→ **What the exercise asks**: Reproduce only the lines below from the line containing "Annie Jones, bearded lady" to the line containing "Waka-chan Is Flirty Again", exactly as written, with both end lines kept. Omit the pictures.

───── Record excerpts

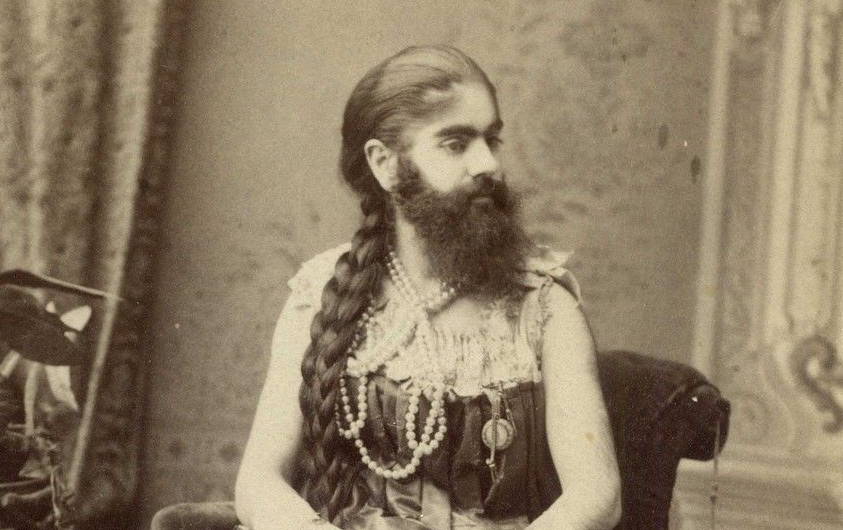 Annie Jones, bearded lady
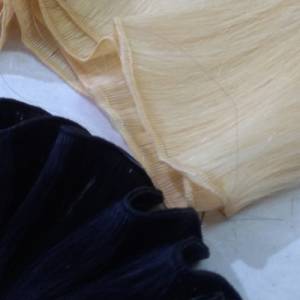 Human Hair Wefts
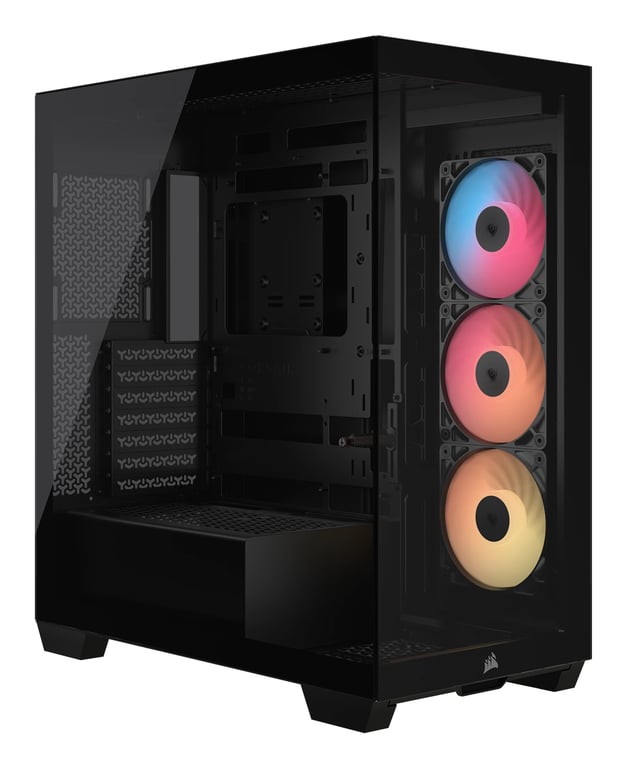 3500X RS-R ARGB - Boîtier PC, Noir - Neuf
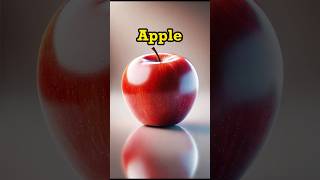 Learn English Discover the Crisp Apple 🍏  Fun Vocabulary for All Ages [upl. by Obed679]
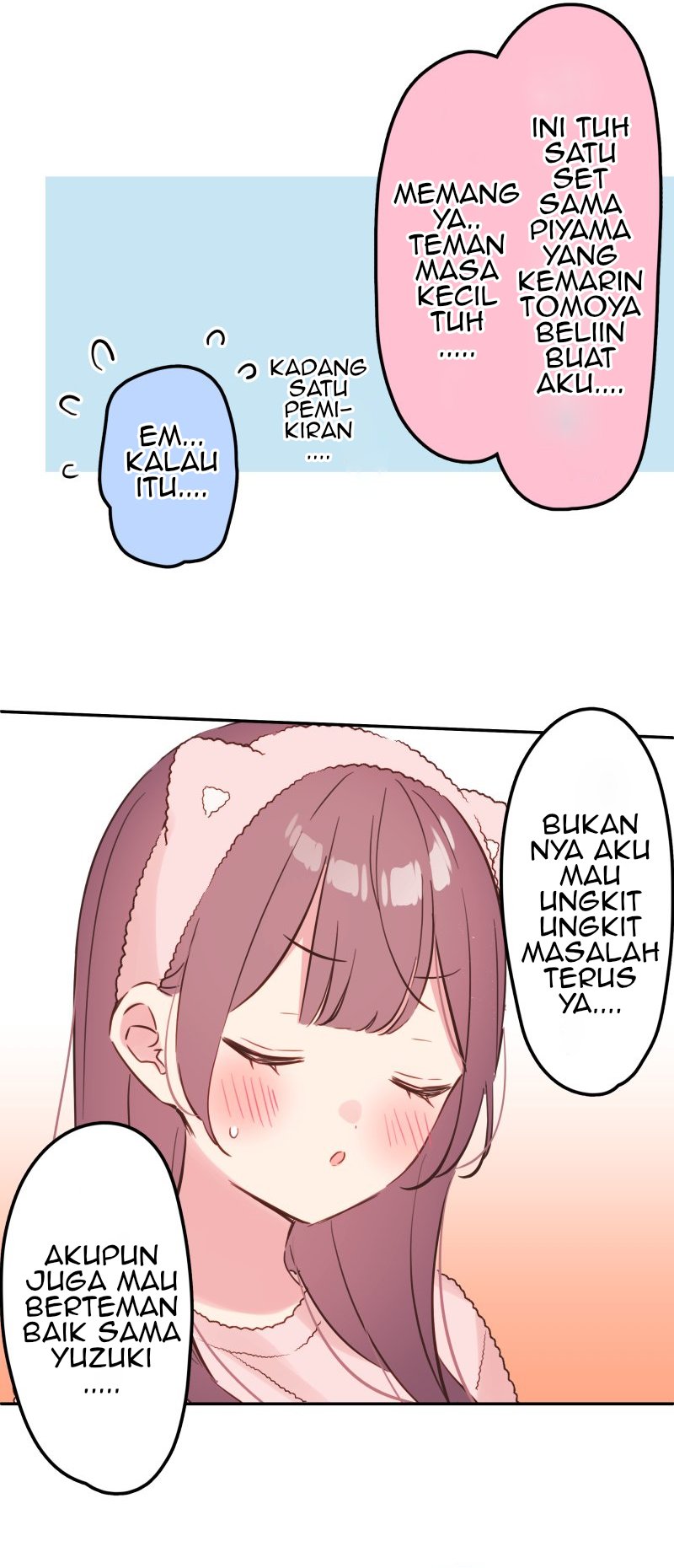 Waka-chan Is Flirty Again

──────────
───── Record excerpts

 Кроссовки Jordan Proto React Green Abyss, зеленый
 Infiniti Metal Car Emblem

──────────
───── Record excerpts

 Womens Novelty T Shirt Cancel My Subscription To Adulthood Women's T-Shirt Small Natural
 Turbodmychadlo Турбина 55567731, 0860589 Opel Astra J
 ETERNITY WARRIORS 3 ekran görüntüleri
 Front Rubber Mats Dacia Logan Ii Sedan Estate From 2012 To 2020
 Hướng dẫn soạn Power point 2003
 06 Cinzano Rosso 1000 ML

──────────

→ **Result below**:
 Annie Jones, bearded lady
 Human Hair Wefts
 3500X RS-R ARGB - Boîtier PC, Noir - Neuf
 Learn English Discover the Crisp Apple 🍏  Fun Vocabulary for All Ages [upl. by Obed679]
 Waka-chan Is Flirty Again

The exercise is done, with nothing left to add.